▶ _Information_:
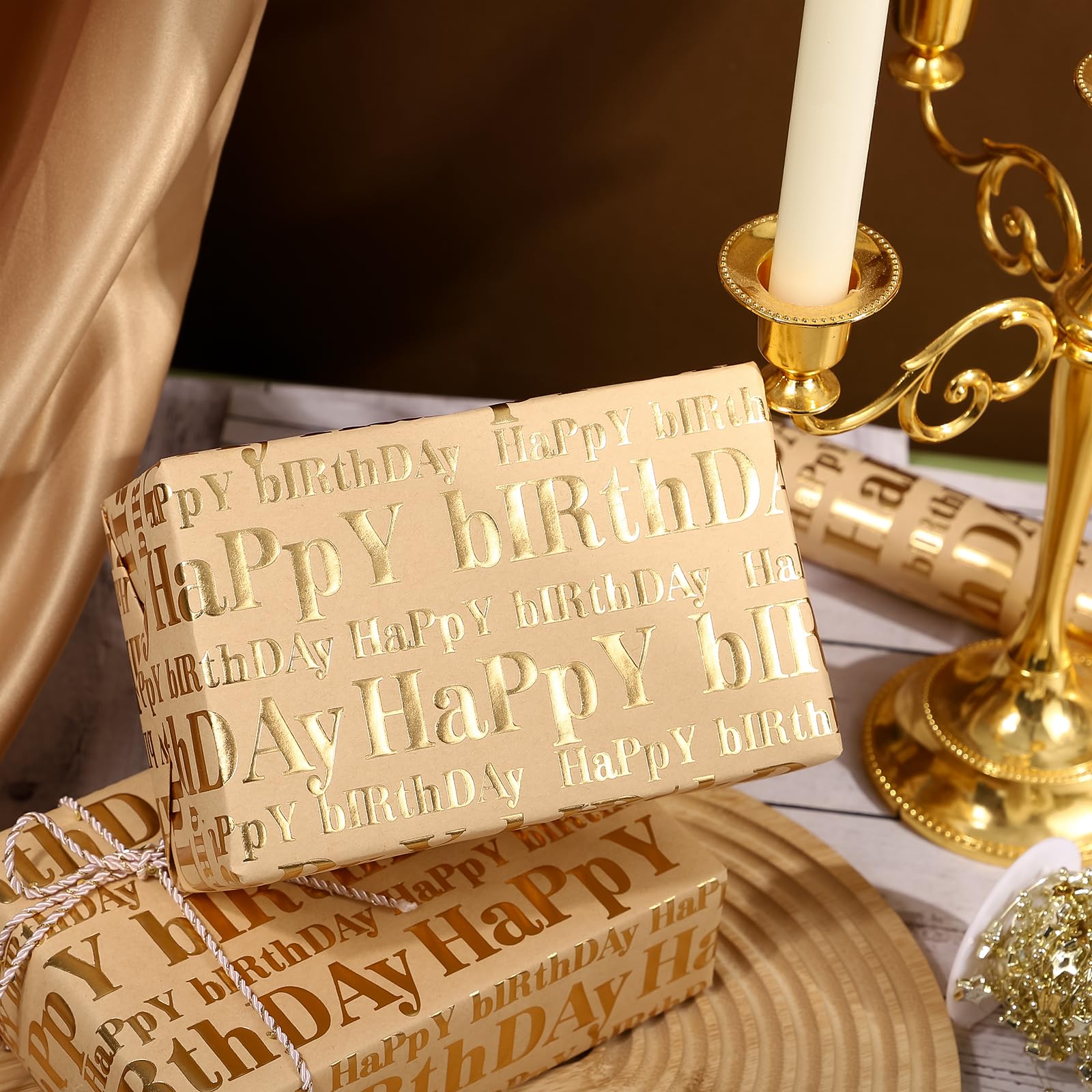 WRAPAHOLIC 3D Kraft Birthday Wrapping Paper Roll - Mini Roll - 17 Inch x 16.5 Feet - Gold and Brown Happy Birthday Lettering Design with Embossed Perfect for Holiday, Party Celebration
* * *
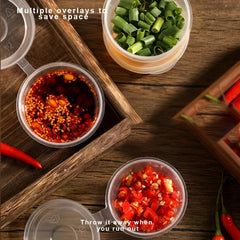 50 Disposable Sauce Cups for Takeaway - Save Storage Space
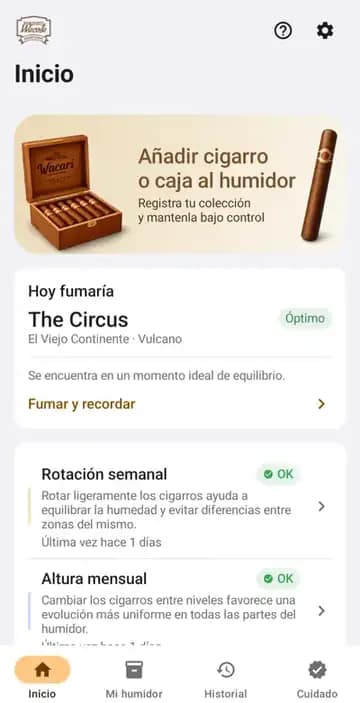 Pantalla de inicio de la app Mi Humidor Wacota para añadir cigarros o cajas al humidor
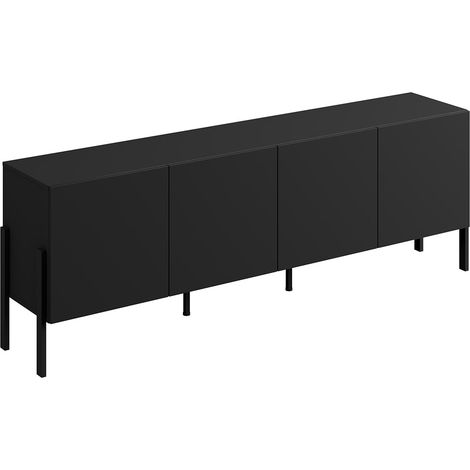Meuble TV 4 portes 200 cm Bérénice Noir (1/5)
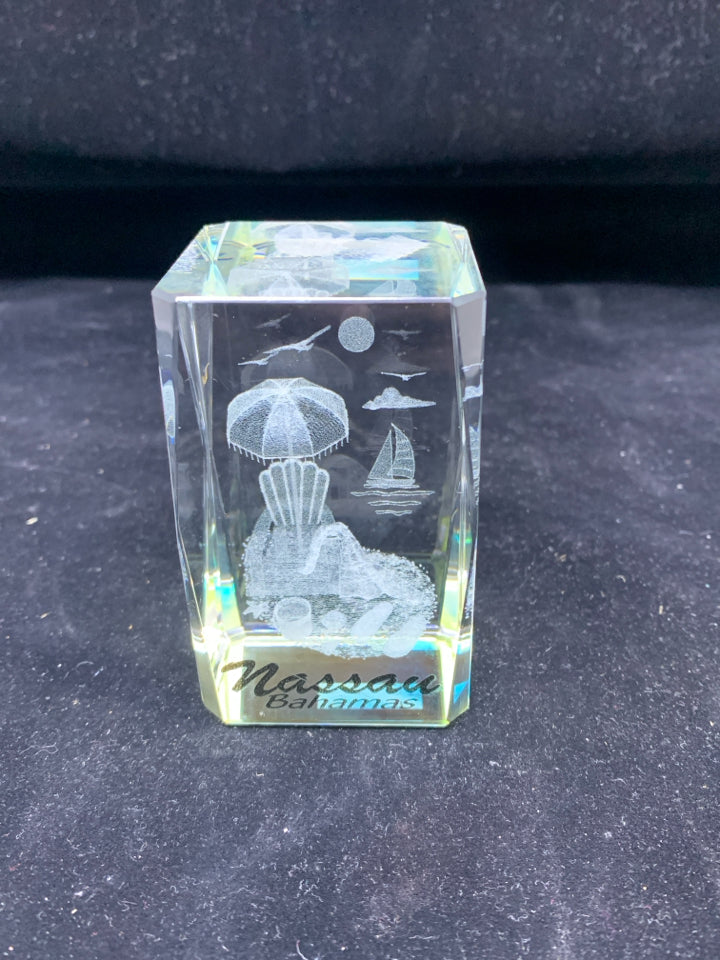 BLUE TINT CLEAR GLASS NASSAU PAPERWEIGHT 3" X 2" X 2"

▶ _Description of the task_:
In the listing above, find the line containing "Meuble TV 4 portes 200 cm Bérénice Noir (1/5)" and the line containing "BLUE TINT CLEAR", then output those two lines and everything between them exactly as written, without the images.

▶ _Answer box_:
Meuble TV 4 portes 200 cm Bérénice Noir (1/5)
 BLUE TINT CLEAR GLASS NASSAU PAPERWEIGHT 3" X 2" X 2"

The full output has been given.